Cette interdépendance économique croissante apparaît déjà dans les données commerciales. En 2024, les échanges bilatéraux entre le Pakistan et la Turquie ont atteint environ 1,4 milliard de dollars, marquant une progression notable et indiquant une dynamique forte. Les deux gouvernements ont publiquement exprimé leur ambition de porter ce volume à 5 milliards de dollars dans un avenir proche, un objectif de plus en plus réaliste à mesure que la coopération s’étend à l’énergie, aux mines, à la production de défense et à la manufacture industrielle.
L’autonomie stratégique par la coopération
Selon la théorie des « puissances moyennes néo-modernes » (Neo-Middle Power Theory), l’engagement du Pakistan auprès de la Turquie signale également un changement important dans son comportement diplomatique. Plutôt que de s’aligner exclusivement sur un bloc global, le Pakistan exerce une flexibilité stratégique, diversifiant ses partenariats économiques et réduisant ses vulnérabilités. L’évolution propre à la politique étrangère turque, plus indépendante et multidirectionnelle, complète cette approche.

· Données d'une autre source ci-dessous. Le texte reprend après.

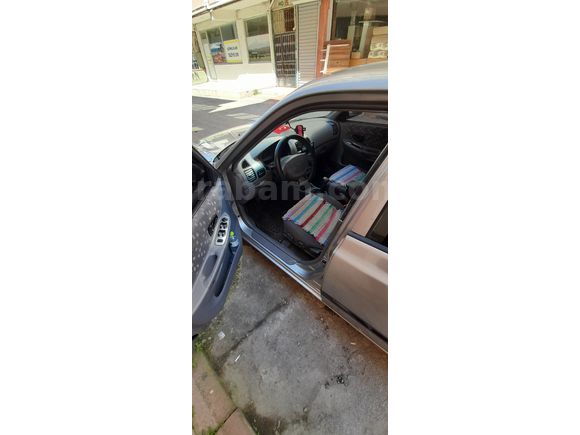 Sahibinden Hyundai Accent 1.5 CRDi Admire 2006 Model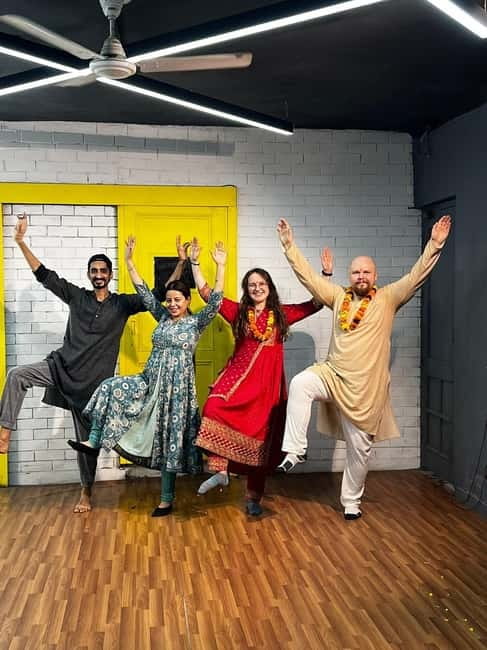New Delhi: Namaste India Bollywood Dance Workshop - Why the private format matters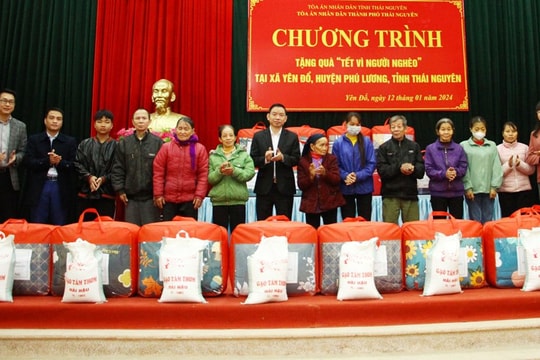 TAND thành phố Thái Nguyên trao tặng quà Tết cho người nghèo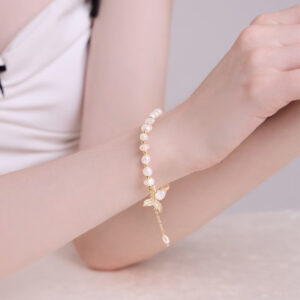 Pearl Mermaid Tail Bracelet front 2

Ce partenariat n’est donc pas de nature transactionnelle. Il s’enracine dans une familiarité historique, une affinité culturelle et un soutien diplomatique de longue date, mais il se traduit désormais par des infrastructures tangibles, une planification économique concrète et des transferts technologiques. Là où les périodes précédentes étaient marquées par des expressions symboliques de « fraternité », la phase actuelle se distingue par une coopération institutionnalisée et des investissements réciproques dans l’avenir.
La portée profonde de cette coopération réside aussi dans le message qu’elle adresse à la communauté internationale. À une époque où de nombreux pays en développement ou à revenu intermédiaire restent piégés dans des cycles de dépendance ou de pressions d’alignement, le Pakistan et la Turquie proposent un modèle différent : un modèle fondé sur le respect de la souveraineté, la planification du développement à long terme et une croissance partagée. Il ne s’agit ni d’un projet anti-mondialiste ni d’une posture isolationniste ; c’est une réintégration sereine et affirmée dans le système international, selon des termes choisis par les pays eux-mêmes.

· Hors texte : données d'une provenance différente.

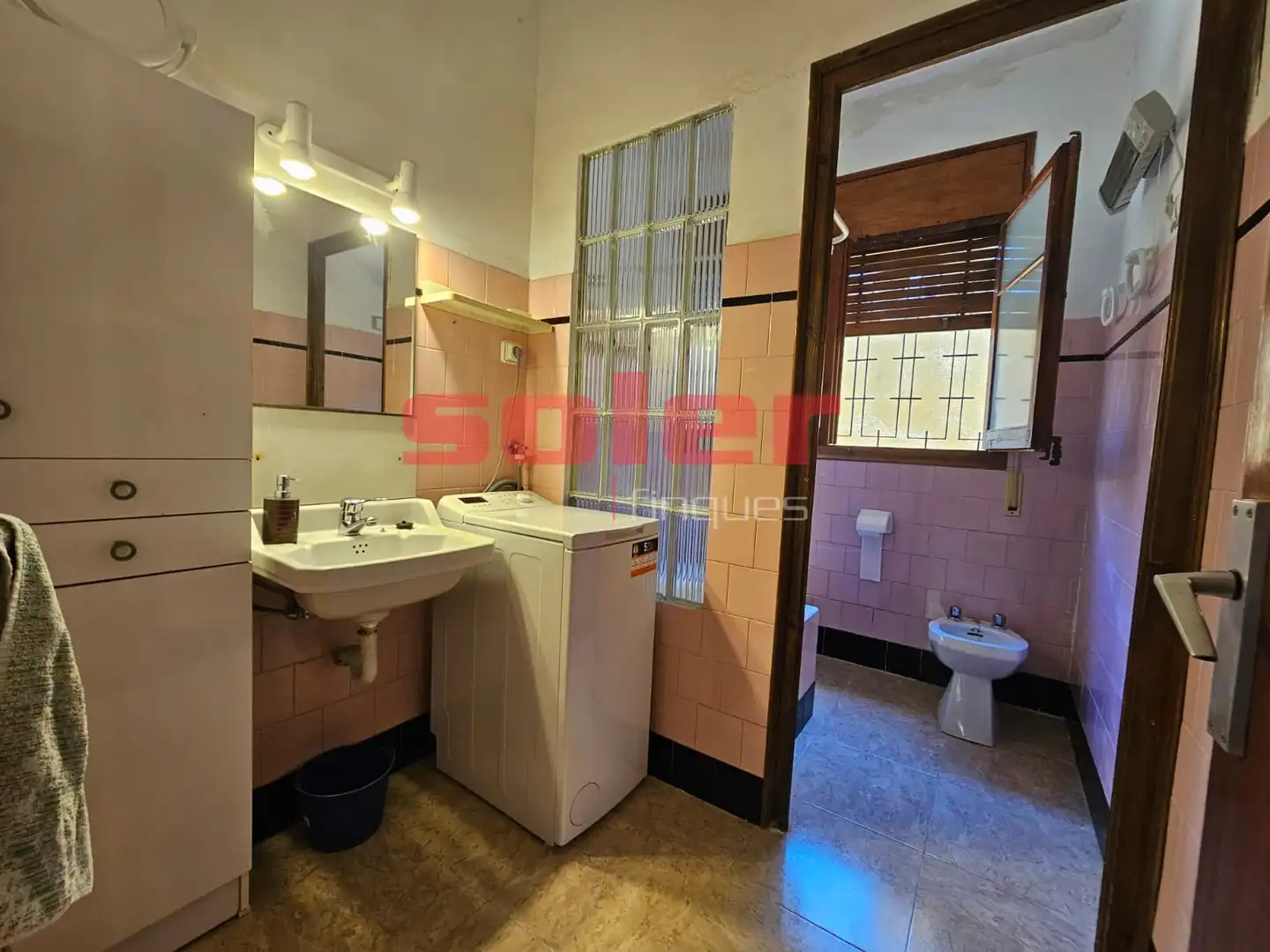 Bathroom of Houses for sale in Rubí  with Private garden, Terrace and Storage room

Une opportunité stratégique pour le Pakistan
Si elle est menée à bien, cette coopération pourrait transformer profondément le Pakistan. Une énergie plus fiable renforcera la planification économique. De nouveaux flux miniers amélioreront le potentiel d’exportation. Une intégration commerciale accrue stimulera les industries et l’emploi. Et surtout, la pertinence stratégique du Pakistan dans un monde multipolaire s’affirmera davantage – non par la confrontation, mais par la construction et la coopération.
Bien après la disparition des gros titres, l’impact réel de ce partenariat se manifestera dans le fonctionnement silencieux des plateformes offshore, dans l’extension des ports, dans les usines en activité, dans les routes commerciales animées et dans la progression constante des indicateurs économiques. C’est ainsi que se construit la puissance authentique : patiemment, stratégiquement, résolument. Dans le mouvement des vagues au large des côtes pakistanaises et dans les ponts qui se forment entre Ankara et Islamabad, on distingue non l’écho d’alliances passées, mais la stratégie d’un avenir moderne. Un avenir où le Pakistan ne se contente plus de répondre à l’Histoire, mais contribue activement à la façonner.